Endangered species monitoring and conservation technology
September 13, 2022
5 min read
The Australian Malleefowl (Leipoa ocellata) are large ground-dwelling birds that form large nesting mounds of leaf litter to incubate their eggs.
The Malleefowl belongs to the Megapodiidae family, and unlike other megapodes (mound builders), they are found in semi-arid landscapes. Malleefowl are listed as vulnerable under the Environment Protection and Biodiversity Conservation Act 1999 (EPBC Act) because their distribution has declined significantly due to the disruption of habitat through grazing pressure from sheep and cattle as well as competition for food resources with introduced species such as foxes and cats that prey on eggs.
The National Recovery plan introduced in 2007 sets out the actions necessary to stop the decline and support the recovery of the listed threatened species.
The occurrence of Malleefowl mounds is typically used as a proxy for the bird's occurrence. The conventional method for monitoring Malleefowl populations has several limitations, the most significant of which is the difficulty of detecting mounds across a large area. This has traditionally meant costly and time-consuming ground surveys.

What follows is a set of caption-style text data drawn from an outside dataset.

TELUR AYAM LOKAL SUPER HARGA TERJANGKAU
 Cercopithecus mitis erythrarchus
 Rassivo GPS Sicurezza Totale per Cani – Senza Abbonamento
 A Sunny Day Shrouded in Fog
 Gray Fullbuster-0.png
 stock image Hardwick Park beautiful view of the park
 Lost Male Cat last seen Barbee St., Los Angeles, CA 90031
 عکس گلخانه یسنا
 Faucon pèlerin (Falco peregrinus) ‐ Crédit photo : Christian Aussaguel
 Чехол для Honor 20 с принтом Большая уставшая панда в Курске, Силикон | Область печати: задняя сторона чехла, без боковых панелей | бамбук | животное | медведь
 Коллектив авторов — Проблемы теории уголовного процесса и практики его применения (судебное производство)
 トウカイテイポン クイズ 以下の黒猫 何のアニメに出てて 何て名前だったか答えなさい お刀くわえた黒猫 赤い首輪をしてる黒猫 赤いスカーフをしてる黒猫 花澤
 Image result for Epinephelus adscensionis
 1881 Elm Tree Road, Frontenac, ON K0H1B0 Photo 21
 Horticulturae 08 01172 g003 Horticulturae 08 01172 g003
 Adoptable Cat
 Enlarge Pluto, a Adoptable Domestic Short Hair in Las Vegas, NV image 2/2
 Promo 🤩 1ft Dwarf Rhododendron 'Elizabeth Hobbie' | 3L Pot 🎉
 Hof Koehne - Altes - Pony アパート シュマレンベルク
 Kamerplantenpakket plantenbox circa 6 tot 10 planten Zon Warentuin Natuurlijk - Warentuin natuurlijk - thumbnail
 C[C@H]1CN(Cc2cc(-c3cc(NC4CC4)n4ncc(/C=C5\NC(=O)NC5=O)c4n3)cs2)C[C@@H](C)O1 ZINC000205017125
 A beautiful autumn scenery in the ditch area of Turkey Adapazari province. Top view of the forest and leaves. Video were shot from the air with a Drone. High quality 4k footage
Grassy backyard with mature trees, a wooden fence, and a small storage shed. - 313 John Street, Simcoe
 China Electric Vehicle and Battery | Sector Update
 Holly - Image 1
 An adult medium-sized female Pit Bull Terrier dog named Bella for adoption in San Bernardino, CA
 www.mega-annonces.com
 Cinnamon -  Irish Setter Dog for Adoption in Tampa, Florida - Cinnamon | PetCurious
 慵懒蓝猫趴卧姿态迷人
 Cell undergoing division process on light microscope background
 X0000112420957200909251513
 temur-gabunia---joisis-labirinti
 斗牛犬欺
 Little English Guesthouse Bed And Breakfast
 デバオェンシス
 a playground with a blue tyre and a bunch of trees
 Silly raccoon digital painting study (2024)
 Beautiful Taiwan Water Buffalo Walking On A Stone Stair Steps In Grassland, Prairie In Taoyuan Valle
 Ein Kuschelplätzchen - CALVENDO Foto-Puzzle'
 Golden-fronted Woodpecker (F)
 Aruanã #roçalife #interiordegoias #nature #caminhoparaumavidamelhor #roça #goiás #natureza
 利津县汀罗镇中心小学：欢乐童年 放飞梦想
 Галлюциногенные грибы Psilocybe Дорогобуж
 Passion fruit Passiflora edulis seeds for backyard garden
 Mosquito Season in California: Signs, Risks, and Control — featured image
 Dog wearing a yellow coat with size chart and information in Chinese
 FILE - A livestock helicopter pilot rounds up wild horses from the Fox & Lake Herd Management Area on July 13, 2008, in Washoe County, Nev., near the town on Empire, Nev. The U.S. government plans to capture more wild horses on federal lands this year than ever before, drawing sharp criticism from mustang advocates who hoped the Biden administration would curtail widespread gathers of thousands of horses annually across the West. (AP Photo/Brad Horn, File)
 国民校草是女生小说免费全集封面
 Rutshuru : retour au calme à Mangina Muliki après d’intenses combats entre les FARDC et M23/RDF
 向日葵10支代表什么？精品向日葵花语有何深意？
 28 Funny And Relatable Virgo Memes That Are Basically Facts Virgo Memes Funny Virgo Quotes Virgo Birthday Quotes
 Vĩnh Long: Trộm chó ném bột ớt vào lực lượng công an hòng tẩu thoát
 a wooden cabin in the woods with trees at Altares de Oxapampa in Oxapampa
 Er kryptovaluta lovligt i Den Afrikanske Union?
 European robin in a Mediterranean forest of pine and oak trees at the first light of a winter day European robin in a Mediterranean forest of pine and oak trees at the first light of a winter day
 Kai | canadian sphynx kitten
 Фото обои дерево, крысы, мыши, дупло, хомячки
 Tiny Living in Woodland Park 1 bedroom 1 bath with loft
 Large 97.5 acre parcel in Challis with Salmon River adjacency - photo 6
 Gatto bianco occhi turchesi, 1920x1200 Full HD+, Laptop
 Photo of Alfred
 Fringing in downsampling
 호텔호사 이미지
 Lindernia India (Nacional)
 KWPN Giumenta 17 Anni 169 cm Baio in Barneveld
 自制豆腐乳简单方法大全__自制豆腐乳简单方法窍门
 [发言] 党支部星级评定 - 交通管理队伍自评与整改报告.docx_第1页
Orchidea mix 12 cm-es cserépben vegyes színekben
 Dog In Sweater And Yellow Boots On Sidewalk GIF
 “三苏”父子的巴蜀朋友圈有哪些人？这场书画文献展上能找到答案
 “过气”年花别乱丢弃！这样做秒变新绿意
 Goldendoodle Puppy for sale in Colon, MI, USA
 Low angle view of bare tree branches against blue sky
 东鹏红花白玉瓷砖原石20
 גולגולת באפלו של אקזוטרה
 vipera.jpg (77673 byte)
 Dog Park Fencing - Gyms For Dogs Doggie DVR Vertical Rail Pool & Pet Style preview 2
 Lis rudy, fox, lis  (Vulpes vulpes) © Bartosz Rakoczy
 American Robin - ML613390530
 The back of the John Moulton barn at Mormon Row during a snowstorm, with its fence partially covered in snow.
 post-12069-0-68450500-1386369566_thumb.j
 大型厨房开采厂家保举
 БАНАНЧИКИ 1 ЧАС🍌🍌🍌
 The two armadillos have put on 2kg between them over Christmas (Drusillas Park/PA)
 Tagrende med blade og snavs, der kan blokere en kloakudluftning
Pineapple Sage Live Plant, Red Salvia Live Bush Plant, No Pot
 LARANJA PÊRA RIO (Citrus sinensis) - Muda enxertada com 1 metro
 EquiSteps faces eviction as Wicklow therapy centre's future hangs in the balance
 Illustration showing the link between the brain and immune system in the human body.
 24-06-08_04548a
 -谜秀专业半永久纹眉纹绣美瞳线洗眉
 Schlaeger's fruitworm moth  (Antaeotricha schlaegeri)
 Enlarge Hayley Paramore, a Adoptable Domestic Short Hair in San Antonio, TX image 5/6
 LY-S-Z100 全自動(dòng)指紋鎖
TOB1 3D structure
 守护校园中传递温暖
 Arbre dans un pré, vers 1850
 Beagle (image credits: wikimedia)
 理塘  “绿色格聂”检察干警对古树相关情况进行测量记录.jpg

However, Malleefowl frequently reuse mound nests over several years, so ecologists needed a more efficient way to detect new and existing mound sites.
Today digital technologies such as remote sensing mound detection and nest surveying are being used to enhance the monitoring of endangered Malleefowl species, helping better track populations over large areas. The new Malleefowl mound detection approach uses a type of aerial mapping technology called LiDAR (light detection and ranging) to model the topography of the ground's surface at a fine scale. LiDAR data is captured using lidar sensors fitted to a light aircraft.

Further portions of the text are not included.